We know grass will not grow in dense shade, but there are a combination of plants worthy of consideration for lawn replacement. Here are a few to think about.

Most varieties of plants that grow well under trees are considered groundcovers and they are usually foliage; flowering plants do best in full to partial sun. That does not mean you cannot find wonderful plants in a varying shades of green and variegated leaves. Variegated leaves can add cream, yellow or white to a basic green palate. There are some shade-loving plants that can also add color through their attractive blooms.

Hostas and plaintain lilies: These can make a statement in a shade garden, with their large deep green or variegated leaves.
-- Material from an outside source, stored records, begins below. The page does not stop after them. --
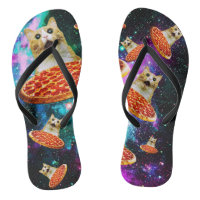 Chat à pizza de l'espace amusant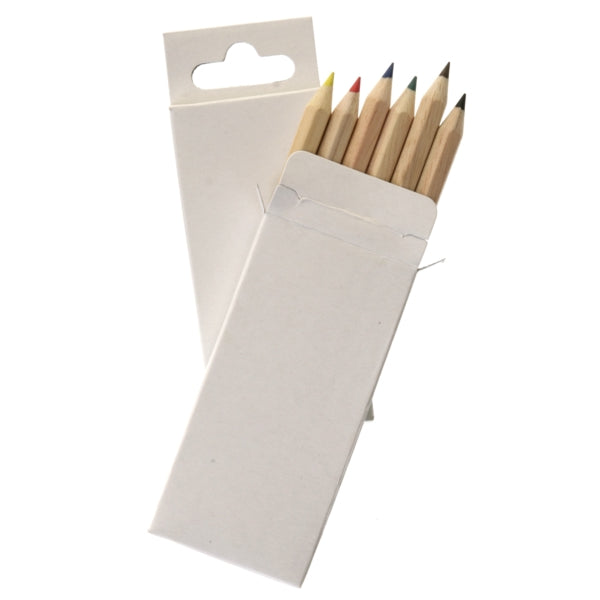 Blank cardboard box with 6 assorted mini colored pencils - FSC 100%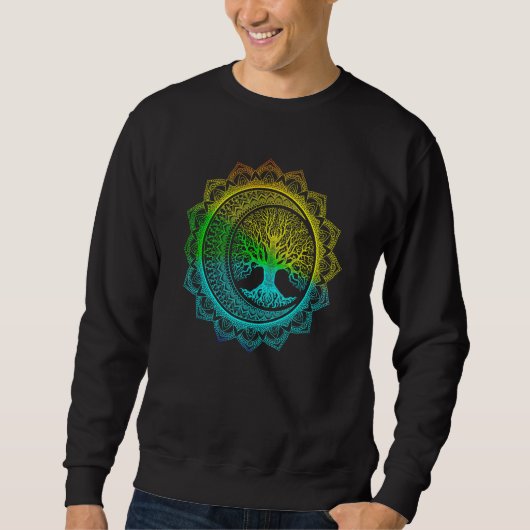 Baum des Lebens Cresent Mondphasen Florales Mandal Sweatshirt (Vorderseite)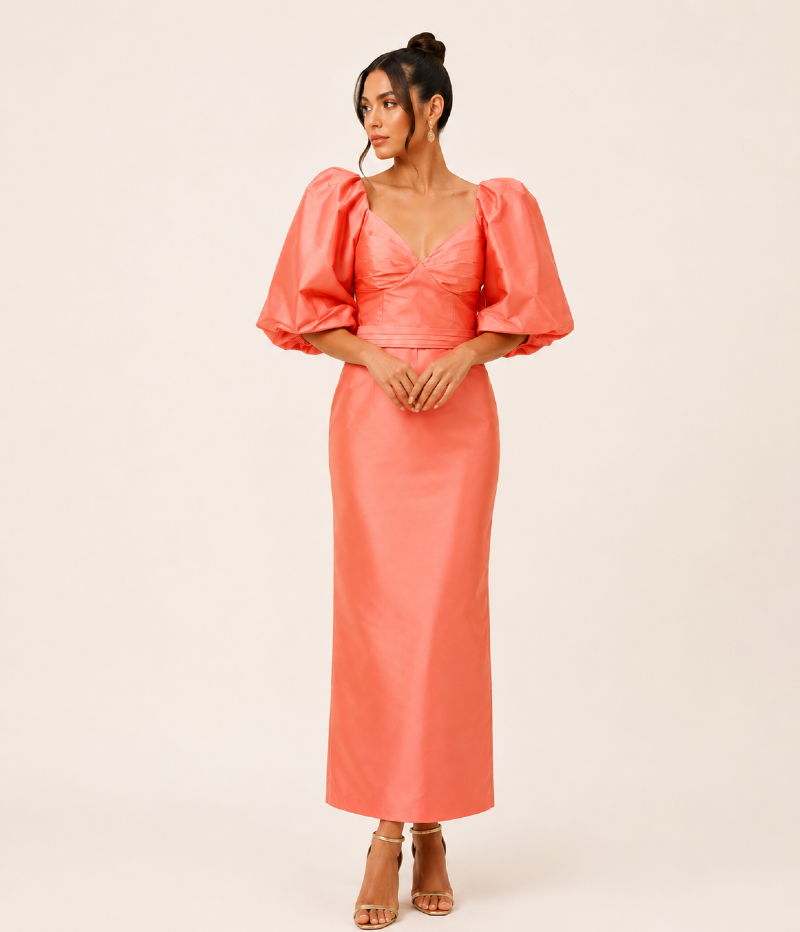 VESTIDO MIDI EM TAFETÁ COM MANGAS BUFANTES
These plants come back every year more robust than the year before and can grow anywhere from 8 to 18 inches. They form in clumps and shoot out a tall spike of flowers in the summer.

Vinca minor or periwinkle: This is a vining plant that can be used as a shade groundcover. It sports a sky-blue violet flower and can be a vigorous grower. It also comes in a variegated selection and can cover large areas in a short time. Annual trimming is required.

Liriope (monkeygrass): This forms dense clumps that spread through underground stems. The colors can range from dark green to an almost black leaf. There are different varieties or you may opt for its dwarf cousin, mondo grass. It grows low and is suitable between stepping stones.

Fern: There are many types, both native and exotic. Make sure they are planted in a moist environment and most ferns will thrive in a woodland garden setting. The texture of the fern leaves provide an excellent contrast to many types of large leaf plants. Common types include royal fern, lady fern, painted fern, holly fern and sensitive fern.

If you are looking for shrubs or a splash of color for your shady areas, try acuba, camellia or the many species of holly. Flowering annuals, such as impatiens and begonias, will also add a splash of color to a shady spot. Columbine and phlox are a good perennial choice for color. There are many selections one can consider when developing the ideal summertime retreat in the shade.